The hike was relatively close to the airport, wasn’t too long and at a moderate elevation - I had just flown in and needed some time to adjust before heading up really high, and I was also unsure about the snowpack and didn’t feel like scrambling through snowfields.
I arrived at the trailhead a little before 7am and was surprised to see cars already parked on the side of the road. Assuming the trailhead parking was full, I pulled my car off to the side of the road and upon walking into the trailhead parking lot, I noticed a couple of empty parking spots.
I walked along the paved path for a quarter of a mile, enjoying the sound of the rushing river next to the trail, before seeing the sign indicating the start of the Lake Blanche hike. The trail began an immediate ascent, and would continue to rise for the rest of the hike. It’s not a particularly steep trail, however it relentlessly progresses up - how else can you cover over 2,700ft of vertical gain in under 3 miles?
The trail had a small bridge to cross over the Bill B South Fork, and continued up on the East side of the river. I was expecting to encounter some other groups as I made my way up the trail, however I was pleasantly surprised and had the trail to myself, enjoying the sounds of the birds and rushing river. Fairly quickly, I was able to catch my first glimpses of the snow capped peaks up above.
I kept a steady pace up the trail, and passed numerous patches of wild flowers, before finally coming into my first stand of aspen trees. While aspen stands exist in Washington State, I don't see them where I hike, and I always look forward to encountering them when I’m in the Wasatch. There’s something about hiking through (or better yet, skiing through) an aspen stand.
I continued ascending the trail and saw a large rambling waterfall coming down in the distance. Judging by its location, it looked like it was coming out of the area I was heading to. I quickly consulted a map to see if the trail would take me closer, but realized the trail wrapped around farther away and the waterfall was coming out of Lake Lillian, and not something I would be able to easily see from Lake Blanche.
Along the way I saw a slug, which is not something I was expecting to see in the Wasatch. I see them all the time hiking in the Cascades, but I wrongly assumed the drier climate in Utah would preclude slugs from living here...
I finally reached Lake Blanche and was rewarded with a great view of the Lake and the surrounding mountains - definitely a scenic view and worth the effort to get up there. I snapped some photos and then made my way over to an old worn out wall on the side of the lake (assuming it was used to raise the lake level for irrigation purposes?).
I made my way across the old wall and tried to descend to get a better view of Lake Lillian. I quickly ran into some steep terrain mixed with cliffs, and there was a raging stream coming out of Lake Blanche that prevented me from crossing over, so I backtracked over the wall again and followed a trail towards Lake Lillian.
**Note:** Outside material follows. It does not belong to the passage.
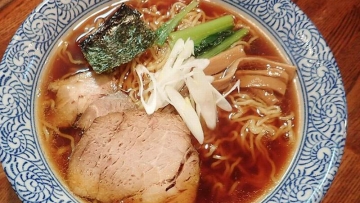 Survei Jenis Ramen yang Paling Disukai Di Berbagai Prefektur Jepang  (1)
I stopped above the Lake, took some more pictures and had a quick snack and slug of water.
I then retraced my steps over the old wall and hiked on a small trail along the southern shore of Lake Blanche. I followed the trail higher above the lake and then descended back towards the Lake, and had to find a suitable spot to cross the South Fork of Mill B Creek.
I cruised back along the shore and completed my circumnavigation of Lake Blanche. If I had to do it again, I would not bother going around Lake Blanche and would have spent more time hiking around Lake Lillian. It would have been cool to try and find the waterfall flowing out of Lake Lillian. I walked along the rocks to catch a final view of the valley before embarking on my descent.
While I had only encountered a couple of people on the hike up, the hike down was a different story. I must have passed at least twenty separate groups - obviously a popular hike, and for good reason. I was glad I had an early start and got some solitude on the hike up. The shoulder of the road was completely filled with cars.